The Commonwealth of Pennsylvania, Borough of Lincoln (Borough) appeals from the May 16, 1996 order of the Court of Common Pleas of Allegheny County (trial court) which found Lawrence T. and Donna J. Hall (the Halls) not guilty of the summary offense of failing to obtain a street opening permit pursuant to Borough Ordinance 75-5.

Due to property damage caused by a washout of their driveway, the Halls instituted an action for property damage against the Borough.1 In its counterclaim to that action, the Borough claimed that the Halls were in violation of Borough Ordinance 75-5, which provides that prior to constructing a driveway leading onto any public street, a homeowner in the Borough must obtain a permit and construct a drainage area as per the specifications of the Borough engineers.
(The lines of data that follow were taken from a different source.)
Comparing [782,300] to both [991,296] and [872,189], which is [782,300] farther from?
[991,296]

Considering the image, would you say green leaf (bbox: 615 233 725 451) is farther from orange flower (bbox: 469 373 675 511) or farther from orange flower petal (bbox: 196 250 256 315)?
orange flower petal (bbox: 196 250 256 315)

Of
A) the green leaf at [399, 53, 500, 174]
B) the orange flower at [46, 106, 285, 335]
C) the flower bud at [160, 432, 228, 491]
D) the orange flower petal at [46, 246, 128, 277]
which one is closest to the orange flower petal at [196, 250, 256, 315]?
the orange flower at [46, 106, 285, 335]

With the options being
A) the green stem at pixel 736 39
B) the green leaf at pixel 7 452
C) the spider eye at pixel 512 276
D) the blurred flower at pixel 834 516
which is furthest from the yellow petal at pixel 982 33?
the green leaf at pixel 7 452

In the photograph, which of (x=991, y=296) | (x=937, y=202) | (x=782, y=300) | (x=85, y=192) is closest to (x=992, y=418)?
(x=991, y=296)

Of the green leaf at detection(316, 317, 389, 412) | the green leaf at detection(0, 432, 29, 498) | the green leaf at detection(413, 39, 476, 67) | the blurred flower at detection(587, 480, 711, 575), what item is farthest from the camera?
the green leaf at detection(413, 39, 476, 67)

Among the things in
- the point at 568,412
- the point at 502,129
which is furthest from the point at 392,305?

The Halls’ driveway was connected onto the street, and has been in continuous use since the 1950’s, despite the fact that a permit had never been obtained. As a result of their failure to obtain a permit, the Borough claimed $683,000 in fines against the Halls.

The Borough issued citations against the Halls and a District Justice found them guilty of violating the ordinance on a single specific day and imposed a fine of $50. The Halls appealed to the trial court, and a de novo, non-jury criminal trial was held before Judge Robert A. Doyle. Judge Doyle heard the testimony from the witnesses presented by both the Borough and the Halls. At the conclusion of the hearing, Judge Doyle directed that both parties submit post-hearing briefs on their respective positions. Subsequent to the conclusion of the trial, but before a decision had been rendered, Judge Doyle became ill and a substitute judge, Judge Robert E. Dauer, was appointed.

Although the Halls gave their approval for the substitution of a judge, the Borough specifically objected and requested a rehearing. No rehearing was granted, and the Borough was not notified that Judge Dauer had been substituted until it received his order finding the Halls not guilty of violating the ordinance. This appeal by the Borough followed.2

Before us, the Borough contends that the substitution of a judge in a non-jury criminal trial, after the presentation of all the evidence, but prior to the entry of a verdict, constitutes reversible error, so that any verdict rendered is a nullity. The Halls, however, contend that once a verdict has been rendered, jeopardy attaches, and even if the substitution was erroneous, double jeopardy implications prevent them from being retried.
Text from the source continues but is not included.